How to Test Variables Correlation in Data Science?

Eqibuana
7 min readJul 7, 2021

--

INTRODUCTION

First of all, you have to understand what the difference between categorical and continuous variables/features/values in data science. Categorical variable (also called qualitative variable) is a variable used in data science as a group, e.g. gender(male and female, smoking and non-smoking customers, and so on), while continuous variable is described as numerical value that can take any value between its minimum and maximum value (such as: age, salary, etc).

After knowing what the difference of these two variables is, we are going through some approaches that will be discussed below for categorical-categorical, categorical-continuous, continuous-categorical, and continuous-continuous variables relationship.

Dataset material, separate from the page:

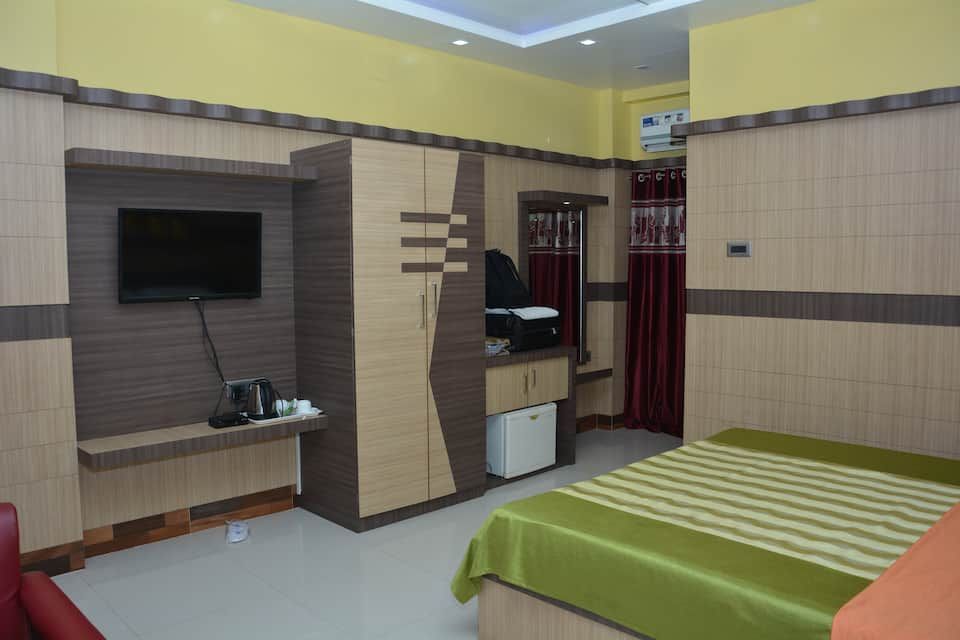 undefined Hotel Ellora 10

picture 1. Correlation Approach for Categorical and Continuous Variables

PEARSON’S CORRELATION COEFFICIENT

Pearson’s correlation coefficient (PCC) is a measure of linear correlation between 2 data set. the formula of PCC is the covariance of two variables, divided by the product of their standard deviations as shown below, so it is essentially normalized measurement of the covariance and the result is in the range of -1 (negatively perfect correlation) and +1(positively perfect correlation).

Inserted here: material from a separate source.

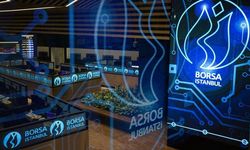 Borsa İstanbul günü düşüşle kapattı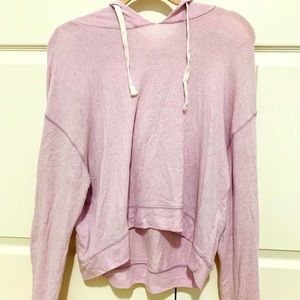 Buy 1 get 1 free ✨ Hollister Pink Women’s Hoodie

picture 2. Pearson’s Correlation Coefficient Formula

The Pearson’s Correlation Coefficient us calculated automatically in python using the code given on the picture 3. How the r value represents the shape of the curve is given below:

picture 3. Pearson Correlation Value (r) Represents The Shape of The Curve

We can classify the strength of linear correlation (r) into:
- very strong: r>0.8 or r<-0.8
- strong: 0.6>r≥0.8 or -0.8≥r>-0.6
- moderate: 0.4>r≥0.6 or -0.6≥r>-0.4
- weak: 0.2>r≥0.4 or -0.4≥r>-0.2
- very weak: 0>r≥0.2 or -0.2≥r>-0
- no relationship: r=0

Some requirements need to be met for calculating the Pearson’s correlation coefficient:
1. Scale of measurement should be interval or ratio
2. Variables should be approximately normally distributed
3. The correlation should be linear
4. No outliers in the data set

ANALYSIS OF VARIANCE(ANOVA)

Analysis of Variance (ANOVA) is a statistical test used to compare two or more means of groups together. ANOVA analysis is suitable for situations in which one variable is categorical and the other variable is quantitative variable. We can transform the data from continuous variable into quantitative by selecting a category and binning the variable. The independent variable should be transformed into a categorical variable, while the dependent variable will stay continuous.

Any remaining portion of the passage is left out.